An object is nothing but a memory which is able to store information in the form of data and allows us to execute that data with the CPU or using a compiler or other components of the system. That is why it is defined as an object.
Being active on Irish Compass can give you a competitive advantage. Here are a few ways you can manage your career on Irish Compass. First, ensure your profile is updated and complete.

---

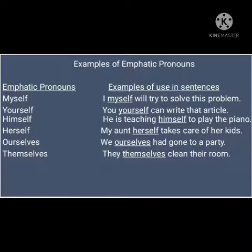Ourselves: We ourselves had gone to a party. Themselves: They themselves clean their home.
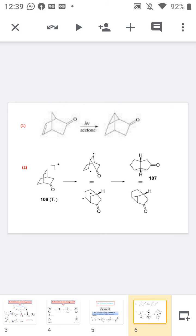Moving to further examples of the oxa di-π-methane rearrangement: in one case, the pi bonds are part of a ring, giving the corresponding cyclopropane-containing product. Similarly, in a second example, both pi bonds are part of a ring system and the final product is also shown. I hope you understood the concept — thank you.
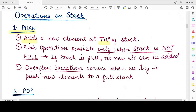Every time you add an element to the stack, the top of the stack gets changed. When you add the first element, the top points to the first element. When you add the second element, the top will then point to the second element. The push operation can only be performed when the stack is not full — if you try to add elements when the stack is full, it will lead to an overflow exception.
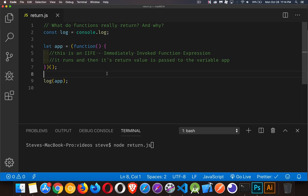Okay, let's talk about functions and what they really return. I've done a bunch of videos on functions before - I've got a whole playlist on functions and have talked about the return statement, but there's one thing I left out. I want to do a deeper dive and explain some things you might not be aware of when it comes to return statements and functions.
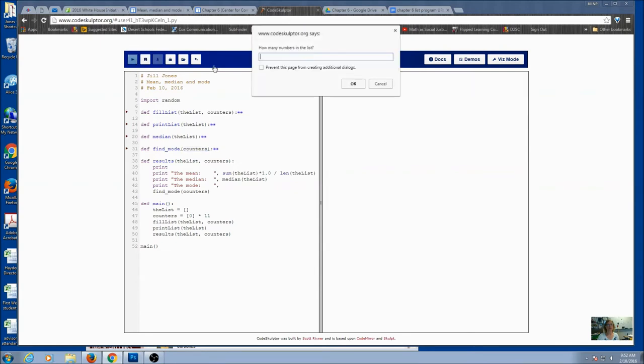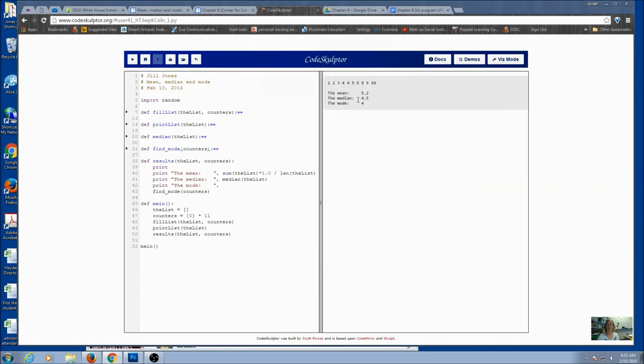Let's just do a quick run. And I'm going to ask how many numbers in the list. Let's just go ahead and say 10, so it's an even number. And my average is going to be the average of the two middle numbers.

---

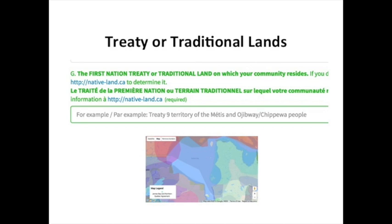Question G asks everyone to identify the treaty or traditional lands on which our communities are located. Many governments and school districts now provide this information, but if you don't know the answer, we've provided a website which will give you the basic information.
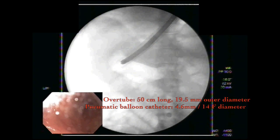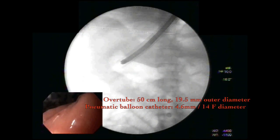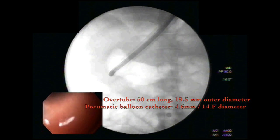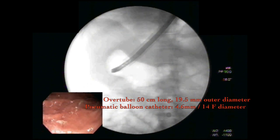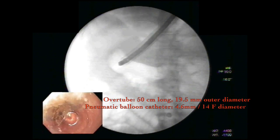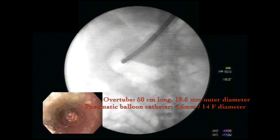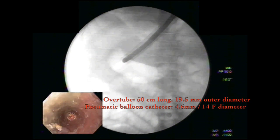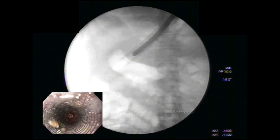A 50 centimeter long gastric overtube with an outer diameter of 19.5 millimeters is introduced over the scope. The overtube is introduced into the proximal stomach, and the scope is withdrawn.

TASK PROMPT:
Starting at the line that has "An object is" and ending at the line that has "Being active on", please write out the lines above exactly, leaving out all others.

EXPECTED ANSWER:
An object is nothing but a memory which is able to store information in the form of data and allows us to execute that data with the CPU or using a compiler or other components of the system. That is why it is defined as an object.
Being active on Irish Compass can give you a competitive advantage. Here are a few ways you can manage your career on Irish Compass. First, ensure your profile is updated and complete.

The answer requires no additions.